There needs to be flexibility to make the new Agri Climate Rural Environment Scheme (ACRES) work for a lot of farmers, IFA rural development chair Michael Biggins has said.

He said the payment rates for the low-input permanent pasture action have been “seriously curtailed”.

“We have got to ensure that anybody who wants to get in gets in. The Department has said there are 50,000 places. Between GLAS and REAP, there’s about 60,000 people. Because it is tranche-based, we could have farmers who have been in environmental schemes for 25 years having a gap year. Farmers in low-income sectors go into these schemes, they form a huge part of their family farm income and they cannot afford a gap year,” he said.

The president of the ICMSA, Pat McCormack, said that much of the most recent reservations being expressed about the new CAP focused on ACRES and specifically on its exclusionary design and inadequate payments.
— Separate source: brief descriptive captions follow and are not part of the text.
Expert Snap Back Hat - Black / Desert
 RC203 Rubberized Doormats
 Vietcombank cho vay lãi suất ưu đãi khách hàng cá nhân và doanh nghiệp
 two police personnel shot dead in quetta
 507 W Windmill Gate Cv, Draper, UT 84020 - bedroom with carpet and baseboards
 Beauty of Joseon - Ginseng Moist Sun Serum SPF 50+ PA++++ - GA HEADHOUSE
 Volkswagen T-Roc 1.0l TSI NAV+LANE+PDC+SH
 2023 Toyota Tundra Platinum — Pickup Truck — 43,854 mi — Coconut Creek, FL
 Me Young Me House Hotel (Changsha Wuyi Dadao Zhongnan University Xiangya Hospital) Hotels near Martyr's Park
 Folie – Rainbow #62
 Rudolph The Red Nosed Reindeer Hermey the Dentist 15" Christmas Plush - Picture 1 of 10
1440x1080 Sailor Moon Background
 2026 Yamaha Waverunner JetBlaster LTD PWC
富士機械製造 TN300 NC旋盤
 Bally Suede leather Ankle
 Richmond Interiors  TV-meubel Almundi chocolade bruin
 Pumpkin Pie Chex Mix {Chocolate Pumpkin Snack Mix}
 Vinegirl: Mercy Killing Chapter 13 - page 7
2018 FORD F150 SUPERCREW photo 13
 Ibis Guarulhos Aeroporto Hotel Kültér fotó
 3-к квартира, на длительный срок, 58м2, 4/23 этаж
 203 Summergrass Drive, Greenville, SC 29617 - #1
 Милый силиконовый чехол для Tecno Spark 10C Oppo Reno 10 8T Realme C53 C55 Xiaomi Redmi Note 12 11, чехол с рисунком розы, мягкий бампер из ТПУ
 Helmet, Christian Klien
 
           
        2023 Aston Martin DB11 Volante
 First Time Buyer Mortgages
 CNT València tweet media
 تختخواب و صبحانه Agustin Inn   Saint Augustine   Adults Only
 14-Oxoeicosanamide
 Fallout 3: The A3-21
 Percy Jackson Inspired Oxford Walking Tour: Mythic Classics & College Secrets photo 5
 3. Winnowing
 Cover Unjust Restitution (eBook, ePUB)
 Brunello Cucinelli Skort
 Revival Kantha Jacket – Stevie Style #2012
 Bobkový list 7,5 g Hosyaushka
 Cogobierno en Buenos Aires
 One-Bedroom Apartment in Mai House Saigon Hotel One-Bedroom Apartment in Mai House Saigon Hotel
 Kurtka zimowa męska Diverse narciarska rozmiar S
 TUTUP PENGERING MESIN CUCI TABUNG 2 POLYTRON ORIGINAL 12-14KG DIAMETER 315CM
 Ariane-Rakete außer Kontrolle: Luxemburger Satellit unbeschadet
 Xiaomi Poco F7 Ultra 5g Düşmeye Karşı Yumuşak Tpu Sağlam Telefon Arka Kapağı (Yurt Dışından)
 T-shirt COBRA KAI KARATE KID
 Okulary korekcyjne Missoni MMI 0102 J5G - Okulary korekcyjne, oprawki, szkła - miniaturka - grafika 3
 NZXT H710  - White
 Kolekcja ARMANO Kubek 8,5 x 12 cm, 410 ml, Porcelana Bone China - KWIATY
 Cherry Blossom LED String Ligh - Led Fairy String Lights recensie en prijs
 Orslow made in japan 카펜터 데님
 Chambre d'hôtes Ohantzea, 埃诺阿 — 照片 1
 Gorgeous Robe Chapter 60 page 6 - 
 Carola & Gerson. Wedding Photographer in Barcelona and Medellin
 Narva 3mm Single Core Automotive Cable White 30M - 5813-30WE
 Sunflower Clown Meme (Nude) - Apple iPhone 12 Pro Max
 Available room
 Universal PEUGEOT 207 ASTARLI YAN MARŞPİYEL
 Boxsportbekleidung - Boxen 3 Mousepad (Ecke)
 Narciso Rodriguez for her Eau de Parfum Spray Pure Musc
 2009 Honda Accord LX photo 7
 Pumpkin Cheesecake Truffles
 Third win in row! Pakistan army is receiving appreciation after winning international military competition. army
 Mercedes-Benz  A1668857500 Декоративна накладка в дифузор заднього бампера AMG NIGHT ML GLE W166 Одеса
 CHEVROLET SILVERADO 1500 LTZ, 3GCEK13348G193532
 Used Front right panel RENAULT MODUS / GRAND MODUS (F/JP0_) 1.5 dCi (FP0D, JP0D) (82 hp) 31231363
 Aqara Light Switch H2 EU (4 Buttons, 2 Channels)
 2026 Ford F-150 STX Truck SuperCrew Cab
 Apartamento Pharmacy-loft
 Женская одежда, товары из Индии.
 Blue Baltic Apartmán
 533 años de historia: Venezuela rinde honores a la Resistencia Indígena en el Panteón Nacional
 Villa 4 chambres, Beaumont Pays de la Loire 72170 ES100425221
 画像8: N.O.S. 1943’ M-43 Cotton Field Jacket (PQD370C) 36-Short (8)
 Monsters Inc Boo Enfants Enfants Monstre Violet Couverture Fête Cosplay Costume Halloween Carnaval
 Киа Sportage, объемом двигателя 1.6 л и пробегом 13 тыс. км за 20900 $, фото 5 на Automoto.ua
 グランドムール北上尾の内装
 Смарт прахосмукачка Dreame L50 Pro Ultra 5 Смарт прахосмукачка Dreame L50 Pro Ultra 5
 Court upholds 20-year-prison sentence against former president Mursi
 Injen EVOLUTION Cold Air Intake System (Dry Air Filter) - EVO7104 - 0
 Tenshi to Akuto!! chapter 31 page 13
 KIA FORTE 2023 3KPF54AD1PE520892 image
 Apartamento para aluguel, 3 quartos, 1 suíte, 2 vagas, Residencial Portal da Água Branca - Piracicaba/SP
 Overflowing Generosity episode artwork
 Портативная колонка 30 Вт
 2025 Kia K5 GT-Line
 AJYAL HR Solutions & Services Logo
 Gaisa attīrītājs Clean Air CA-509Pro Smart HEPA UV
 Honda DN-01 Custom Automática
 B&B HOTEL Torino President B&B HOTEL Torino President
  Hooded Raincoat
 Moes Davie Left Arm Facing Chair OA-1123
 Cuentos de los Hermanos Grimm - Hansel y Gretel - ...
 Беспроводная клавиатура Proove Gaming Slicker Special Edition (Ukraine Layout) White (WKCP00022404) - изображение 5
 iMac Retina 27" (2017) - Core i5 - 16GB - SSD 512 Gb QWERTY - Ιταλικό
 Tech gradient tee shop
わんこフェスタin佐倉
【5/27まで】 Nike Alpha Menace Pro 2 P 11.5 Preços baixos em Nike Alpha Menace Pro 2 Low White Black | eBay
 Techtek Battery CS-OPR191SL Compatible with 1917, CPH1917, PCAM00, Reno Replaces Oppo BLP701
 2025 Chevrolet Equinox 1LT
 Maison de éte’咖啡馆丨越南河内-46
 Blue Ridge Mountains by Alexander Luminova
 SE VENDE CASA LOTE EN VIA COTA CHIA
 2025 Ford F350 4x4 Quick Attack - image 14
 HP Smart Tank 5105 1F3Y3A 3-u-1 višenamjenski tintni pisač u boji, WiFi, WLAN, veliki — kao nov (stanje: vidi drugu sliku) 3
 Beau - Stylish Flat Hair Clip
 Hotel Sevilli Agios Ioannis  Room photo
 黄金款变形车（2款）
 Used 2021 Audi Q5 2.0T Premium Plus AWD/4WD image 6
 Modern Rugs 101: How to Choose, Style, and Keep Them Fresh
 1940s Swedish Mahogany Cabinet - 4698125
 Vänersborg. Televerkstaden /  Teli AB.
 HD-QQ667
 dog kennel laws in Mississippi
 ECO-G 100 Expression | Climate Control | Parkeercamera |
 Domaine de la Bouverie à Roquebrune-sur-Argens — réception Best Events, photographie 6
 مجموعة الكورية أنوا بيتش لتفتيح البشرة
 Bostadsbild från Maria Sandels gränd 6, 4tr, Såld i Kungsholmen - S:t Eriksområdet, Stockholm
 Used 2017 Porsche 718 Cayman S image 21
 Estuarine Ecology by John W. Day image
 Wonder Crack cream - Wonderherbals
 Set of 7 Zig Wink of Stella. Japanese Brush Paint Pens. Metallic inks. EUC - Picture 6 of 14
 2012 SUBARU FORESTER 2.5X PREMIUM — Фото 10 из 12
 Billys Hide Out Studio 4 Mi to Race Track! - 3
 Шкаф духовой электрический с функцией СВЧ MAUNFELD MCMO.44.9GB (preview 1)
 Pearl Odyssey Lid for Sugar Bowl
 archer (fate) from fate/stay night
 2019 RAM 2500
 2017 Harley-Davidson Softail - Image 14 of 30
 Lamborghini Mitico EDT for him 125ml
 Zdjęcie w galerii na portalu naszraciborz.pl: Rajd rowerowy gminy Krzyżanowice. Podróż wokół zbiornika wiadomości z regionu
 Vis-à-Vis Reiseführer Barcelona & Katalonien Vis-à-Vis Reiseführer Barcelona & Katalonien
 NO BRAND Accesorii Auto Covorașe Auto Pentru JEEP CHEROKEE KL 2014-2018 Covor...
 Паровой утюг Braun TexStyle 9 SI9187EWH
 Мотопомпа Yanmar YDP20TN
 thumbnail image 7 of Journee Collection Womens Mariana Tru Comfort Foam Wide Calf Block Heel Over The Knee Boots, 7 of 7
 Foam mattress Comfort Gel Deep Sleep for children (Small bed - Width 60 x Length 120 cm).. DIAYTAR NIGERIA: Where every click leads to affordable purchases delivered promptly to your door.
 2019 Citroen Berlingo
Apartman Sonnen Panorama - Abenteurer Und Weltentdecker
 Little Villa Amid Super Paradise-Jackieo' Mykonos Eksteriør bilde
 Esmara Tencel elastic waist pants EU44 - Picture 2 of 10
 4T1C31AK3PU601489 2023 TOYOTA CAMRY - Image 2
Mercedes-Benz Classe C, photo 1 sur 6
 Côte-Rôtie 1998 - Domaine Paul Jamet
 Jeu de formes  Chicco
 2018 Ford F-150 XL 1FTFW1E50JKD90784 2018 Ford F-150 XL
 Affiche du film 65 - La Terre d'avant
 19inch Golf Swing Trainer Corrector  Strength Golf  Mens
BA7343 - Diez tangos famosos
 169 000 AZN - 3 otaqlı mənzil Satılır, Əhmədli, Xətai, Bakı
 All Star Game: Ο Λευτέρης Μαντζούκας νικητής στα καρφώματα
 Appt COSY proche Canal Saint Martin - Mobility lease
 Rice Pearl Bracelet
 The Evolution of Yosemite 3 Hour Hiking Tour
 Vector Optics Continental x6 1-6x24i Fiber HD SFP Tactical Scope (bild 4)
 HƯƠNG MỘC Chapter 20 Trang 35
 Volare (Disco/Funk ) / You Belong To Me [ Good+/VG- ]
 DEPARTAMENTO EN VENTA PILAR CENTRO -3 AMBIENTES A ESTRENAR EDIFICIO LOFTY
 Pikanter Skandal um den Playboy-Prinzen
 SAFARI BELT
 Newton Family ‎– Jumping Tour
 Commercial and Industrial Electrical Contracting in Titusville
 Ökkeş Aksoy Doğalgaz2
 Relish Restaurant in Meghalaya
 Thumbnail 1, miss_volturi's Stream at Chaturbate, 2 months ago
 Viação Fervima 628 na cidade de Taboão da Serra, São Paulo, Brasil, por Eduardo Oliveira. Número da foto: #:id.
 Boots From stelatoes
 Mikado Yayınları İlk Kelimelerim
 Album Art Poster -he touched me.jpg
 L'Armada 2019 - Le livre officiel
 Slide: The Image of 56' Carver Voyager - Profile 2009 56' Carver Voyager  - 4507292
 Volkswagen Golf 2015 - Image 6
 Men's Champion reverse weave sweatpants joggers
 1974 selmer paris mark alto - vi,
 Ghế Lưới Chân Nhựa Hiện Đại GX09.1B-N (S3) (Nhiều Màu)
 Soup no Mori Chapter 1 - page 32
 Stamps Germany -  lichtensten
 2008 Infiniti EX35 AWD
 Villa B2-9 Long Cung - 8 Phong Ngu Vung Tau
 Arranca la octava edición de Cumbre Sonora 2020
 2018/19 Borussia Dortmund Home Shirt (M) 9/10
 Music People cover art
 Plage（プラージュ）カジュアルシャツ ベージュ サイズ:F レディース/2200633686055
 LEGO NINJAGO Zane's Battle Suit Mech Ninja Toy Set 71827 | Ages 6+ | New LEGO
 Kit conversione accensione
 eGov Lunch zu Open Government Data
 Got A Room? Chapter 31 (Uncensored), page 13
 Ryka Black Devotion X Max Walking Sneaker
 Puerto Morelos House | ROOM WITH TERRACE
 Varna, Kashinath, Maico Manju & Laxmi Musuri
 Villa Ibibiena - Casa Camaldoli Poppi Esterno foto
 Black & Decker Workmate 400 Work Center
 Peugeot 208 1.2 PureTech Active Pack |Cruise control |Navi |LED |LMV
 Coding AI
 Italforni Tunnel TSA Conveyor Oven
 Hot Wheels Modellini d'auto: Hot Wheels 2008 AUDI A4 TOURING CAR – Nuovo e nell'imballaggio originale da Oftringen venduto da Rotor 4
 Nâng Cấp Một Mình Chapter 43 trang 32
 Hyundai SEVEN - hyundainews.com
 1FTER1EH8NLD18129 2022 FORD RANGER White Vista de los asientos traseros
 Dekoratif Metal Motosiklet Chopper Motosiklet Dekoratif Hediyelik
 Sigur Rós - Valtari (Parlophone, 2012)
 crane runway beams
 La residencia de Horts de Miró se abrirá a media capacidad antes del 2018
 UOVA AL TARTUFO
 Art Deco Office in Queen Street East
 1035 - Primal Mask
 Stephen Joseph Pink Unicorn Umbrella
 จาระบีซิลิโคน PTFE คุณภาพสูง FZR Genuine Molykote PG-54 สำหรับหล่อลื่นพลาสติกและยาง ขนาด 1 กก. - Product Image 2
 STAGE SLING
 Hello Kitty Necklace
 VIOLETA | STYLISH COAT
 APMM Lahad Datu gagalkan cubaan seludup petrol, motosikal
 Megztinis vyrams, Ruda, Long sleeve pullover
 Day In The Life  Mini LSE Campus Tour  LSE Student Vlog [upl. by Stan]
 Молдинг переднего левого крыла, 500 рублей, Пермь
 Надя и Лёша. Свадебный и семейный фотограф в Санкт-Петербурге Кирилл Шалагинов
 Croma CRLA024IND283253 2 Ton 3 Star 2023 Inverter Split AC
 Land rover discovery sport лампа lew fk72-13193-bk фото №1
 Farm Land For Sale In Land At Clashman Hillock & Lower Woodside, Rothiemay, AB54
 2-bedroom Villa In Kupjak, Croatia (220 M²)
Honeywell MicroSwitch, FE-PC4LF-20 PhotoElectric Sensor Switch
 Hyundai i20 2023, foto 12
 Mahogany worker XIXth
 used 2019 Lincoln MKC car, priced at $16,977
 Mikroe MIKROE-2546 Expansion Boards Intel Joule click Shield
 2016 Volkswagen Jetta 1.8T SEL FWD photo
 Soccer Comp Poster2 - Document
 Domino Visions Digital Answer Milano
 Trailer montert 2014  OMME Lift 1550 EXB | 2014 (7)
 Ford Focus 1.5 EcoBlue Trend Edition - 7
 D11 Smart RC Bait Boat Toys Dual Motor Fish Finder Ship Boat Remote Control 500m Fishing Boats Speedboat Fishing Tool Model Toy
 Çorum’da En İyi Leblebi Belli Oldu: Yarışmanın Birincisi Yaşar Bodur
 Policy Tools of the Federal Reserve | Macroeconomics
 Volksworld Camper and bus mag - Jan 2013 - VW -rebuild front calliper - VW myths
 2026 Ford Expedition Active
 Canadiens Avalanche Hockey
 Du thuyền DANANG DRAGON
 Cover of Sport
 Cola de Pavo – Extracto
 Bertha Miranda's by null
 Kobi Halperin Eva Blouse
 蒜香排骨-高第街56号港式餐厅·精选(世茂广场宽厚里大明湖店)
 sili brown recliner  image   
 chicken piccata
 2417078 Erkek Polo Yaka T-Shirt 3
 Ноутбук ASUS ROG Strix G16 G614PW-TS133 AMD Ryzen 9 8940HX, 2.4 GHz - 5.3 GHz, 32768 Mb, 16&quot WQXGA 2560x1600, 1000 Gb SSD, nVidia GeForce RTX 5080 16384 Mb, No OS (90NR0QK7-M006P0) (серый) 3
“We do think a real opportunity was missed here by the Government and it wasn’t for the lack of ICMSA trying to convince them,” he said.

“The point here is that if we are to make the overall sectoral transition that this CAP is meant to be the engine for, then we will have to make it attractive for commercial family farms to engage with.

“The ICMSA pointed out on numerous occasions that, for instance, giving more organic options for farms that were already organic was a wasted effort.

“Even within that very narrow and marginal context, ACRES is actually a step backwards from, say, REPS. That scheme had 66,000 farmer participants, whereas ACRES will have 50,000 – with 20,000 of those ring-fenced to specific parts of the State. If we assume an average payment of €4,000 per annum, is that going to be the game-changer that some seem to assume?

“We doubt it and we very specifically doubt in when inflation will almost certainly run over 10% for the first two years of the scheme,” he said.